Meine persönlichen Ziele sind, dass ich ein solides Team aufbauen und in zwei bis drei Jahren einer der beliebtesten Arbeitgeber im KMU-Bereich sein möchte. Ich möchte eine Kultur schaffen, die auf Transparenz und Vertrauen basiert. Natürlich will ich auch finanziell Erfolg haben. Auch das Zertifikatsgeschäft will ich weiterentwickeln und internationalisieren. Mit den Swisssign-Zertifikaten wollen wir auch neue Sektoren erschliessen, etwa im IoT- oder im Hosting-Umfeld.
Die Signer-Technologie Ihres Partners Cryptomathic, welche die Grundlage der elektronischen Signatur von Swisssign ist, mutet durch ihre zentralisierte Architektur etwas altbacken an. Welche Entwicklungsmöglichkeiten sehen Sie für Swiss-ID auf technologischer Seite? Wie sieht es mit Blockchain aus?
Blockchain hat den Vorteil des dezentralen vs. unseres zentralen Ansatzes. Da sehe ich für die Zukunft vor allem aus der Sicherheitsperspektive Vorteile von Blockchain. Blockchain wird vielerorts aber erst im Test- oder Experimentalbetrieb eingesetzt. Ausserdem gibt es wenige Plattformen, die schon live sind und funktionieren, etwa Ethereum. So richtig benutzerfreundlich sind diese aber noch nicht und damit auch nicht massentauglich. Für uns sind Sicherheit und Vertrauen das Wichtigste. Und wir werden auf unserer Plattform einsetzen, was für unsere Nutzer Sicherheit garantiert und Vertrauen ermöglicht. Egal welche Technologie das ist.

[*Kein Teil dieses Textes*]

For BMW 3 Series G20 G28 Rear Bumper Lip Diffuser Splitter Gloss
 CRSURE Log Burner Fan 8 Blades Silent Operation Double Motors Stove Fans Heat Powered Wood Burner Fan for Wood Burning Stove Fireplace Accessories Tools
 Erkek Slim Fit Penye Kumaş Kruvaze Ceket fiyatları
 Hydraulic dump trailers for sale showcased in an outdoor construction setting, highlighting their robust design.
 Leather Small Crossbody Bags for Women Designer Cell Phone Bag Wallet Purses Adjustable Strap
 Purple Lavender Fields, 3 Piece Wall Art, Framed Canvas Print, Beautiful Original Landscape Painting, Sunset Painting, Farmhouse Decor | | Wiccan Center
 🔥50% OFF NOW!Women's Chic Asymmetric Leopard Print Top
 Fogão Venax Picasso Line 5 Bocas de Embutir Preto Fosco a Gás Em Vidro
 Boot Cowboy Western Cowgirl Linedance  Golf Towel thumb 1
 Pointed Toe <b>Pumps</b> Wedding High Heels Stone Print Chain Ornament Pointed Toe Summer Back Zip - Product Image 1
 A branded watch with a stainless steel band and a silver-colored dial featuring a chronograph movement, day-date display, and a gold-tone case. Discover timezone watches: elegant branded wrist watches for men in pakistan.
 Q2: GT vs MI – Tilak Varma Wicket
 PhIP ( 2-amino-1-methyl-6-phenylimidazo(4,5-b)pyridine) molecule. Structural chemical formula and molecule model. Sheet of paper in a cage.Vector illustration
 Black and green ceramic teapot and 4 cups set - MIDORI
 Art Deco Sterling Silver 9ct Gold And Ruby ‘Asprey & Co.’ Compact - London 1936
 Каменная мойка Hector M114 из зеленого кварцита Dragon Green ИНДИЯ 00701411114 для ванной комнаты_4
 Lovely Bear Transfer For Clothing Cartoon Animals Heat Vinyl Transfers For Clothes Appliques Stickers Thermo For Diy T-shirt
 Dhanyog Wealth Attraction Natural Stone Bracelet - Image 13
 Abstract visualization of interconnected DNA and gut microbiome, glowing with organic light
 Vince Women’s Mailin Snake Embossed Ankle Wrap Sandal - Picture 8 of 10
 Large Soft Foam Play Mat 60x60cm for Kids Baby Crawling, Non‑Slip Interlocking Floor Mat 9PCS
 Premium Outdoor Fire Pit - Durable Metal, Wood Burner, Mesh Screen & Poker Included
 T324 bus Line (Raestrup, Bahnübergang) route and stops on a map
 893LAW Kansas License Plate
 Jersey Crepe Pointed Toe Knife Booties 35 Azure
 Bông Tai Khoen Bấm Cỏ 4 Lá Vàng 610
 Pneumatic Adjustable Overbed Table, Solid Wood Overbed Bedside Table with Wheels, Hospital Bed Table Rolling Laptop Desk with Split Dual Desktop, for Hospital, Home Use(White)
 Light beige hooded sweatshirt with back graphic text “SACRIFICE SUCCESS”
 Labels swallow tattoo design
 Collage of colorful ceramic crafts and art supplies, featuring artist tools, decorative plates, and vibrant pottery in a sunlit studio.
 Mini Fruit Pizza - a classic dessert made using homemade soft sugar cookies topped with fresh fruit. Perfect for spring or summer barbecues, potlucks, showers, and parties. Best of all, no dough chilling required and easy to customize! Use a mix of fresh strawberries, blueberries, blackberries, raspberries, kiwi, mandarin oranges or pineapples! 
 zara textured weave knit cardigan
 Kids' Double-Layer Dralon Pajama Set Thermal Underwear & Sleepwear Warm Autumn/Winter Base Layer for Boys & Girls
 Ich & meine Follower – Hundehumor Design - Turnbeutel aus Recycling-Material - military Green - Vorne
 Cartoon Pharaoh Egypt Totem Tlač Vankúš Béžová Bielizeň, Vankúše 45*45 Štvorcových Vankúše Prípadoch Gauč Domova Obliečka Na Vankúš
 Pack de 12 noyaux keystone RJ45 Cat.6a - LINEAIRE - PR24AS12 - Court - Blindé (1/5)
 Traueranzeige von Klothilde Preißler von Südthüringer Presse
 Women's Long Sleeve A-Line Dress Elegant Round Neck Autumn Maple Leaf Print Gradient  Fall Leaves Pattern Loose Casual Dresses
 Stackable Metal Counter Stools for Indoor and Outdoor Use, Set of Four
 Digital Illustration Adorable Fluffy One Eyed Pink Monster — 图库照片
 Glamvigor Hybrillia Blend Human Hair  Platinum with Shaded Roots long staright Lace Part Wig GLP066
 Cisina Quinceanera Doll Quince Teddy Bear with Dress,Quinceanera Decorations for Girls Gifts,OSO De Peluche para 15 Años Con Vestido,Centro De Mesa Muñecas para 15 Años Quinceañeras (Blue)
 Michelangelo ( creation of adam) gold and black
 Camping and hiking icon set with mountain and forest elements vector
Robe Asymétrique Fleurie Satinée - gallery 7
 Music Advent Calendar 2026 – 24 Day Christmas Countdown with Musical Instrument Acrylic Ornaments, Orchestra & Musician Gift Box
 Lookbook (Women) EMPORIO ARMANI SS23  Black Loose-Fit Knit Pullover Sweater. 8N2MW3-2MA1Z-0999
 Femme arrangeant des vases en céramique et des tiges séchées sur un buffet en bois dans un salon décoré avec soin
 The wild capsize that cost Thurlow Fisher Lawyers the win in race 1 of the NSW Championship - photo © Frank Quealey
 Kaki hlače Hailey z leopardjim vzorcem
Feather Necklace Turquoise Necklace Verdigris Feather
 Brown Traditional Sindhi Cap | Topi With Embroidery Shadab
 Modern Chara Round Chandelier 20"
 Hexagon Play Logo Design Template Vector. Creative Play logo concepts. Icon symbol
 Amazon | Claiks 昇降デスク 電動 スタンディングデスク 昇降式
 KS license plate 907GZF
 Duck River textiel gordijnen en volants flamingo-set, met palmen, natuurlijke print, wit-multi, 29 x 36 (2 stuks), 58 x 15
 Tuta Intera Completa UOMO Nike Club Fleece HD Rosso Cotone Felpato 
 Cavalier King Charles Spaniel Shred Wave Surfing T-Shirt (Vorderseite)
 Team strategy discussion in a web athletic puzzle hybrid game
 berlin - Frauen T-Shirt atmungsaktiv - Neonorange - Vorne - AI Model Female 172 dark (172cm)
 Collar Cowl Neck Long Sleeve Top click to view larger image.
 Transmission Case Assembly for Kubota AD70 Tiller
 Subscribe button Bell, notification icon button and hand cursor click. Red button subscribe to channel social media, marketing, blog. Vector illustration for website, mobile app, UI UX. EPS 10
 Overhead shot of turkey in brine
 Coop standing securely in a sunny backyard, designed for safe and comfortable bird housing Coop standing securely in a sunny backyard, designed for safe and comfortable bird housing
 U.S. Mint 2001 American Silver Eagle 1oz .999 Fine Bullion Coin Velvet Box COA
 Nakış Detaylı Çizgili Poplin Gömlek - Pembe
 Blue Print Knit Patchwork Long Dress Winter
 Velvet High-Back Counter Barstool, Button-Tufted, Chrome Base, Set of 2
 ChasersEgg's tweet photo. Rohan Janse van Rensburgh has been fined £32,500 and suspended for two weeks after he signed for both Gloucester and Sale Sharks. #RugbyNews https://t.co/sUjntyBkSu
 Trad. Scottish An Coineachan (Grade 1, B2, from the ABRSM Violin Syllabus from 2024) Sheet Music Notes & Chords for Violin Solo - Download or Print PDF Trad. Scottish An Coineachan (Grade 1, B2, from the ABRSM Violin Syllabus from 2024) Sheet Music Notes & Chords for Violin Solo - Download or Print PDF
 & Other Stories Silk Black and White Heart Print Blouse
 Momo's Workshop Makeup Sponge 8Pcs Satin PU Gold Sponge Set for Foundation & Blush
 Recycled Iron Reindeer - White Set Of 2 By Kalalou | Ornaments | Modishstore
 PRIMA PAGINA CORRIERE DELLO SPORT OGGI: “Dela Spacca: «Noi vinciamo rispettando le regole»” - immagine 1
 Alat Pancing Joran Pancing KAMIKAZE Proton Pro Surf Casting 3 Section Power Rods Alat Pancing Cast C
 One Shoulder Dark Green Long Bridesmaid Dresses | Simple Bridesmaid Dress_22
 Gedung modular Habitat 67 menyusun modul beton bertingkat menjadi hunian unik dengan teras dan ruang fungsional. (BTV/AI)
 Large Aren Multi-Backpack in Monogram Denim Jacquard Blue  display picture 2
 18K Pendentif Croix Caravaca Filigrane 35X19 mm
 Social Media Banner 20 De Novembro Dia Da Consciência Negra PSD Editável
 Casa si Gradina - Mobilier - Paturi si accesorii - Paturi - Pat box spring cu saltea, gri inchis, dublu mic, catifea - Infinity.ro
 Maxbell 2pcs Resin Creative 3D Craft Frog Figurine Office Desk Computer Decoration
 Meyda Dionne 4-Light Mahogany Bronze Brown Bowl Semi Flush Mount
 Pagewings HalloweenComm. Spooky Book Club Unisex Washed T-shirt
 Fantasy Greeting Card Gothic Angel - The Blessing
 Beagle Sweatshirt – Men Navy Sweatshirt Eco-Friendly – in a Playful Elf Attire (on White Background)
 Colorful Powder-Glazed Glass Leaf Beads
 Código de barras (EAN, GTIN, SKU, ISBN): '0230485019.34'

Ab September 2017 bietet die Stadt Zug allen Einwohnerinnen und Einwohnern die Möglichkeit, eine digitale Identität auf Blockchain-Basis zu bekommen. Was halten Sie davon?
Das ist natürlich eine gute und auch plausible Positionierung der Stadt Zug, die als "Crypto-Valley" eine Vorreiterrolle spielen möchte. Positiv finde ich auch, dass solche Initiativen das Konkurrenzumfeld beleben. Ob und was sich am Ende durchsetzen wird und wie hoch die Adoptionsrate dieser Blockchain-basierten ID in Zug sein wird, muss sich erst noch zeigen. Der Prozess, um eine solche Blockchain-ID zu bekommen, scheint mir zumindest, soweit ich das bislang gehört und gelesen habe, noch etwas umständlich. Man muss dafür ja auch zur Stadtverwaltung. Zur Usability kann ich nichts sagen. Momentan ist die ID aber limitiert auf die Services der Stadt Zug. Wir werden uns die Lösung sicher anschauen und lassen uns das von TI&M zeigen, welche die Lösung für Zug gebaut hat. Die Use Cases finde ich aber spannend.
Wie geht es mit der Swiss-ID nun weiter? Wen wollen Sie in Zukunft noch im Swiss-ID-Ökosystem haben?
Ende 2018 werden wir wie gesagt über 4 Millionen Swiss-IDs auf unserer Plattform haben. Damit ist der Privatkundenmarkt vorläufig einmal abgedeckt. Ende des ersten Halbjahres 2018 werden wir die ganze Palette unserer Roadmap umgesetzt haben und es geht darum, unsere Services auch bei den grossen Retailern zu implementieren. Ich bin sehr zuversichtlich, dass wir damit Erfolg haben werden; wir spüren schon jetzt in Gesprächen mit möglichen B2B-Kunden eine grosse Nachfrage. Auch an weiteren Kunden im Government-Umfeld sind wir interessiert. Einer unserer Vorzeigekunden ist der Kanton Jura mit seinem Guichet virtuel, also dem virtuellen Behördenschalter. Der Jura verwendet ja schon seit 2012 die Suisse-ID für elektronische Behördengänge.